- [Data for the task]
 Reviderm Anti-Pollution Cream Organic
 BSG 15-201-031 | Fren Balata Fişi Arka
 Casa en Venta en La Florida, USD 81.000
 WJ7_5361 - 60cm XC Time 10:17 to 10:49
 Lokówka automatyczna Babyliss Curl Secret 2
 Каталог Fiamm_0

---

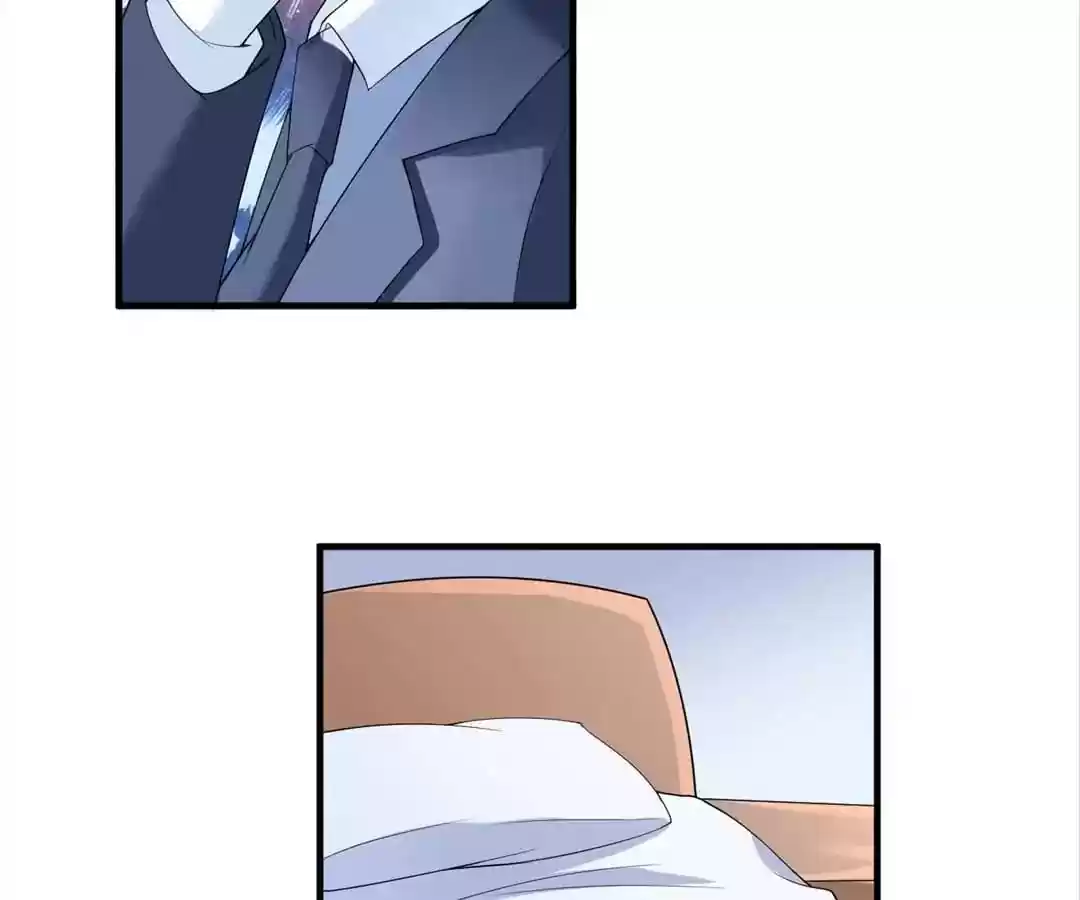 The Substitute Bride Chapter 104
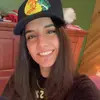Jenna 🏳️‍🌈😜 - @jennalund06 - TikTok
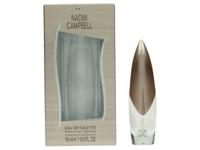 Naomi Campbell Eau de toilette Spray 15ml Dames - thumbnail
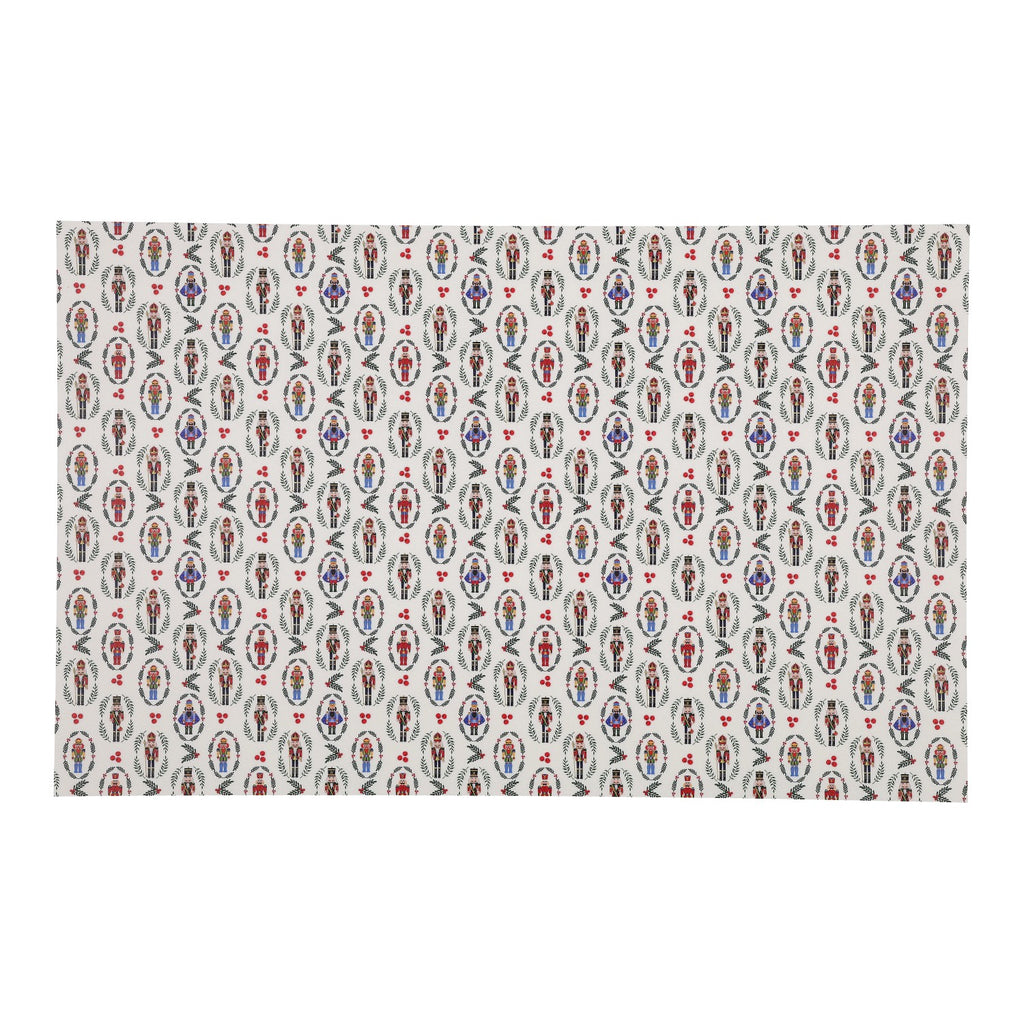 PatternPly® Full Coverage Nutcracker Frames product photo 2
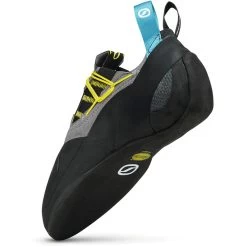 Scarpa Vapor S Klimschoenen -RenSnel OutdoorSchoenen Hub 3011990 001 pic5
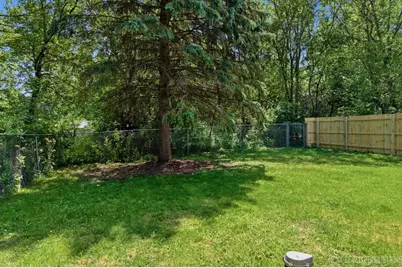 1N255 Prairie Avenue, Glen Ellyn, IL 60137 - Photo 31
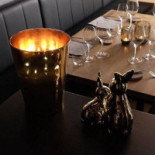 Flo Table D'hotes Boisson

...

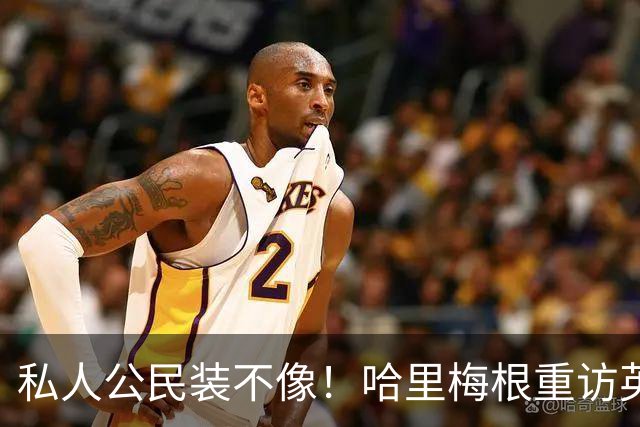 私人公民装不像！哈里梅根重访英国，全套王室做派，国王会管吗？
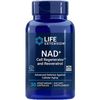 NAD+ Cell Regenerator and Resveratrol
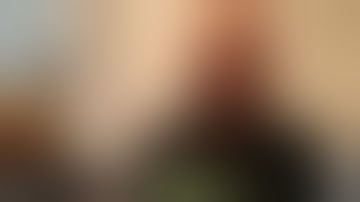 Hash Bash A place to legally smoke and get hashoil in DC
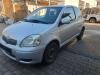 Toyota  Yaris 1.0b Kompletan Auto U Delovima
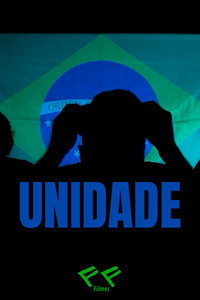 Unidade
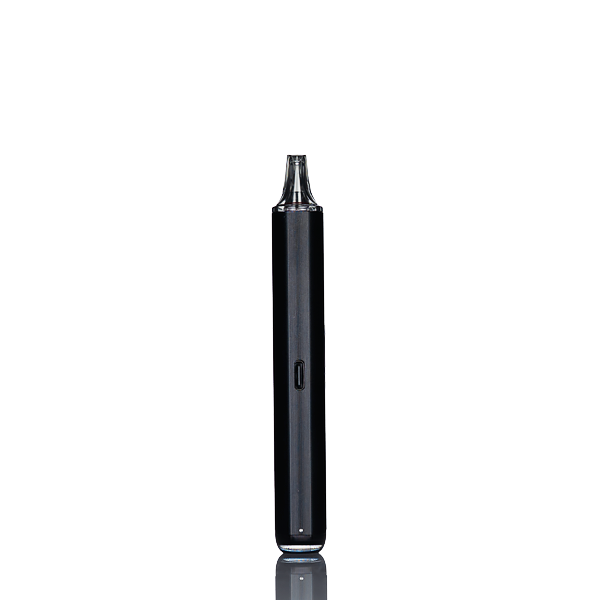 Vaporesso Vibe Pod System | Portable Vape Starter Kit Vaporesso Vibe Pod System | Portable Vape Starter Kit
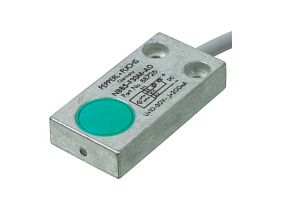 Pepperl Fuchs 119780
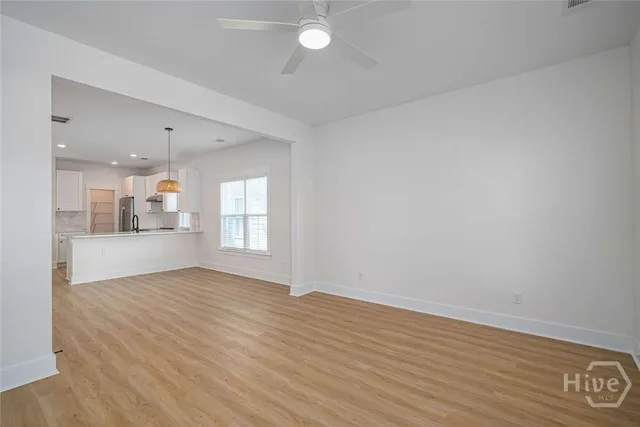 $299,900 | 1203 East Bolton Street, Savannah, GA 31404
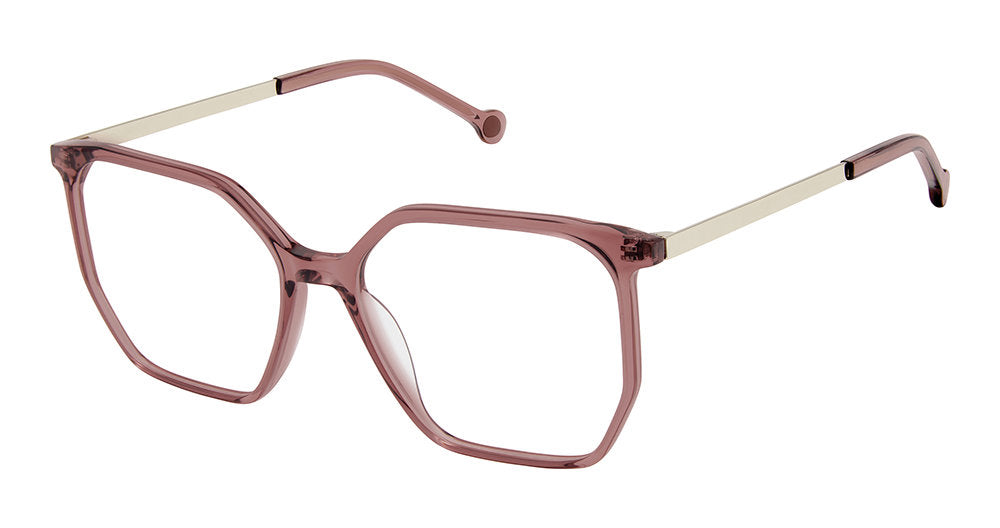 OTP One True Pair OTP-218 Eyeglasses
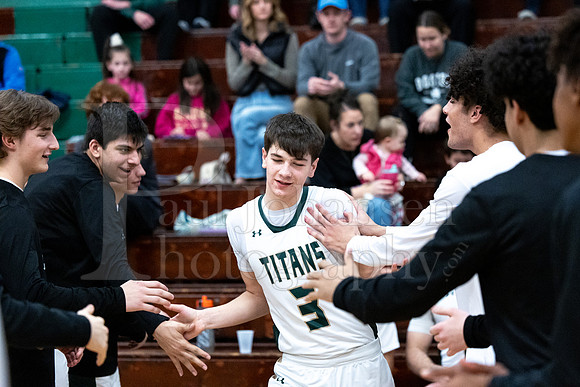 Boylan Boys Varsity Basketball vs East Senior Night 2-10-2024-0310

- [Problem requirements] Every line above between the one containing "Auto U Delovima" and the one containing "Savannah, GA 31404", those two included, is to be printed exactly. No pictures go into the copy.

- [Written solution]
 Toyota  Yaris 1.0b Kompletan Auto U Delovima
 Unidade
 Vaporesso Vibe Pod System | Portable Vape Starter Kit Vaporesso Vibe Pod System | Portable Vape Starter Kit
 Pepperl Fuchs 119780
 $299,900 | 1203 East Bolton Street, Savannah, GA 31404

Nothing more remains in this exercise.